Work request: Among the lines below, output only those between the line holding "Les millors imatges" and the line holding "Набор инструментов", inclusive, exactly as written and with no pictures.

Provided information:
[Start of section]
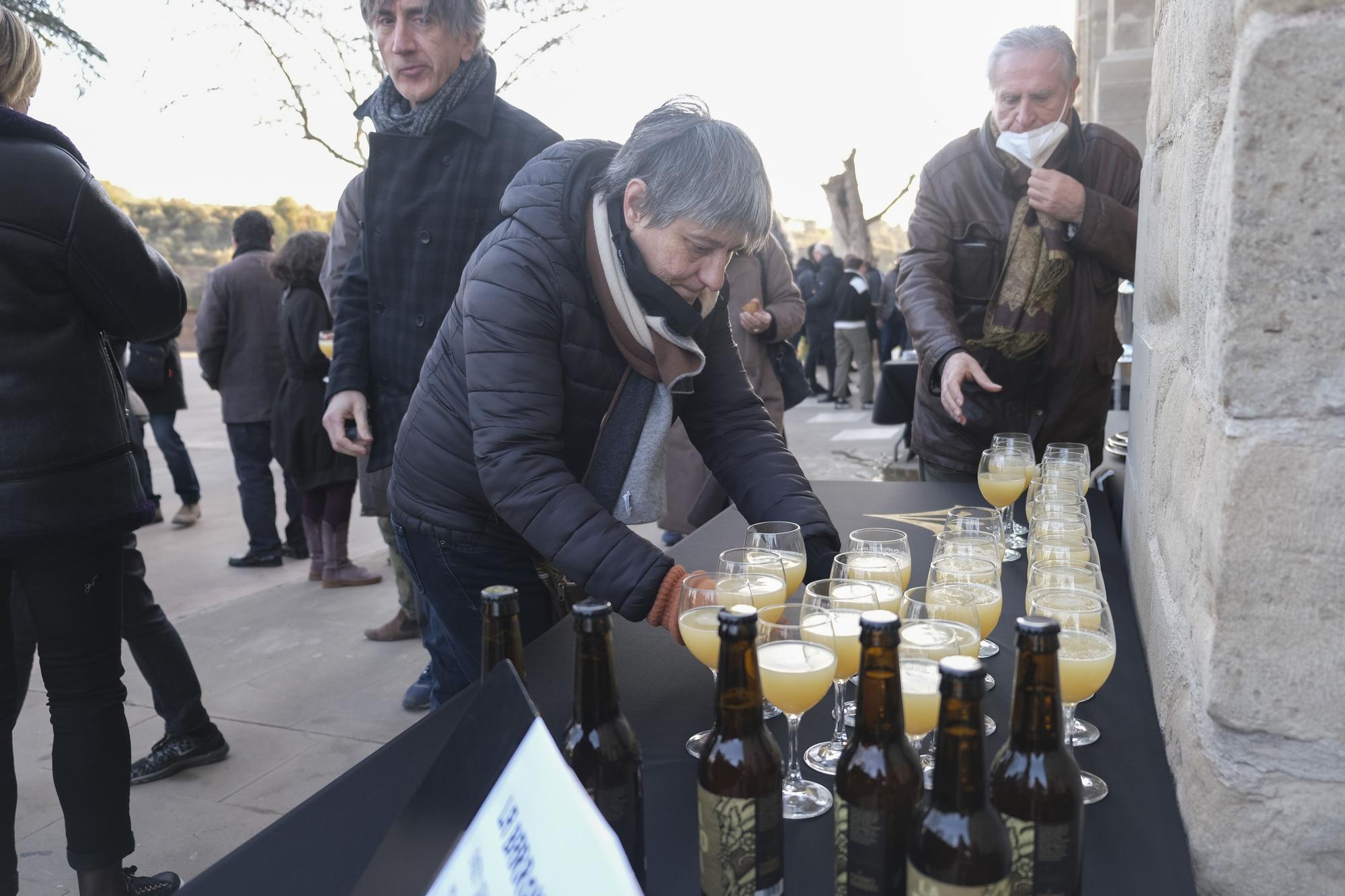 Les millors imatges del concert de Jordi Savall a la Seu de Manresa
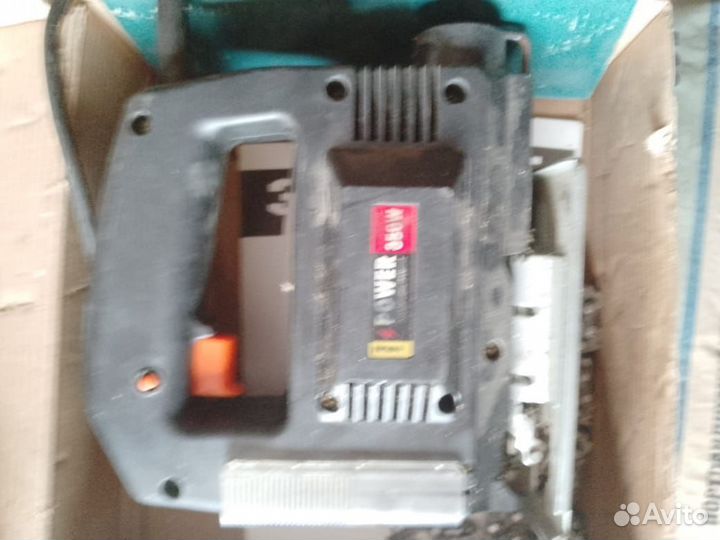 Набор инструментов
[End of section]
[Start of section]
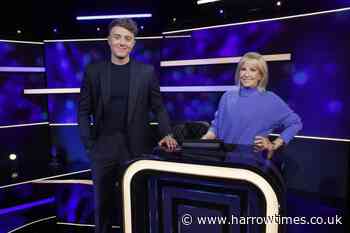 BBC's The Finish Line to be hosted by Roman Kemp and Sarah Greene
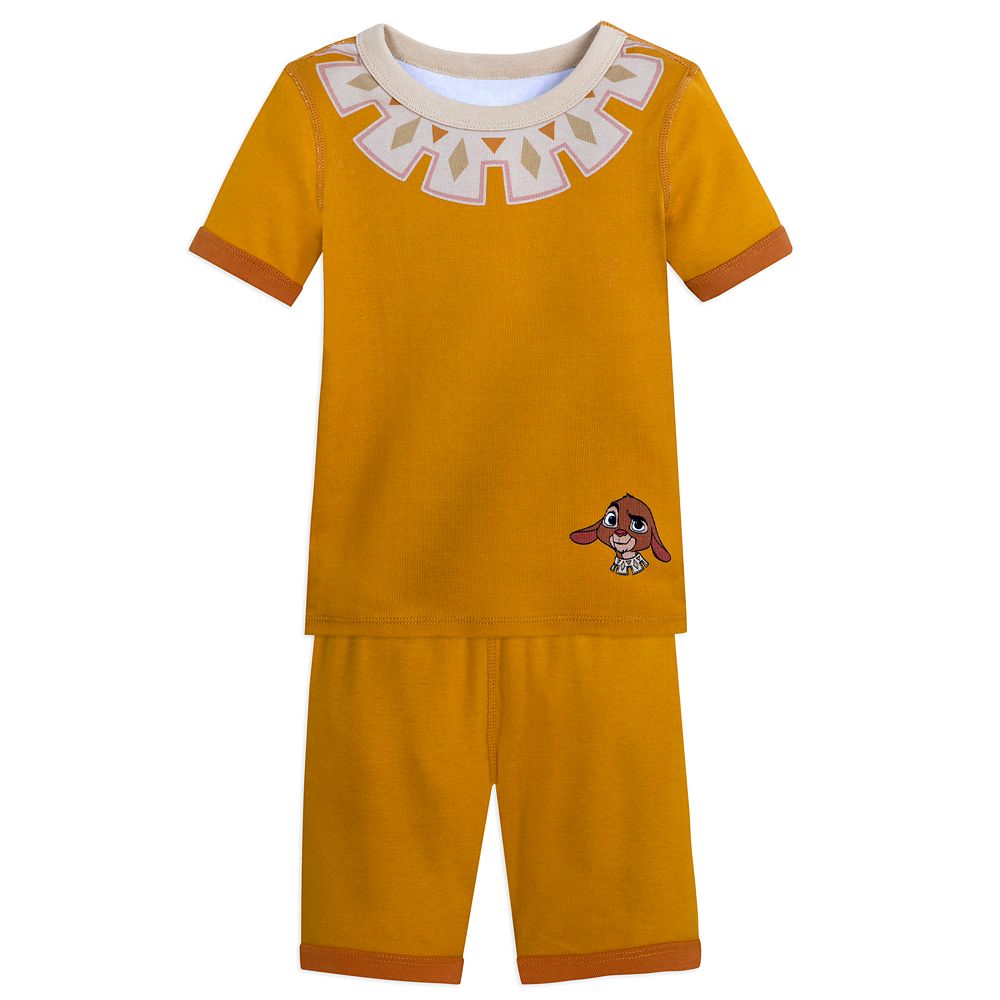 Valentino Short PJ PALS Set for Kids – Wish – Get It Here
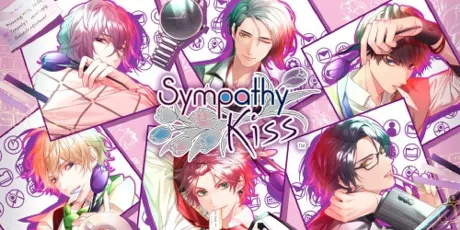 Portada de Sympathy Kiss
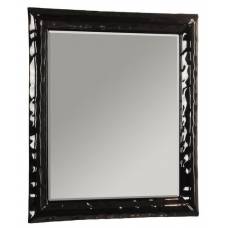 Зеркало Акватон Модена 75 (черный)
[End of section]
Written response:
 Les millors imatges del concert de Jordi Savall a la Seu de Manresa
 Набор инструментов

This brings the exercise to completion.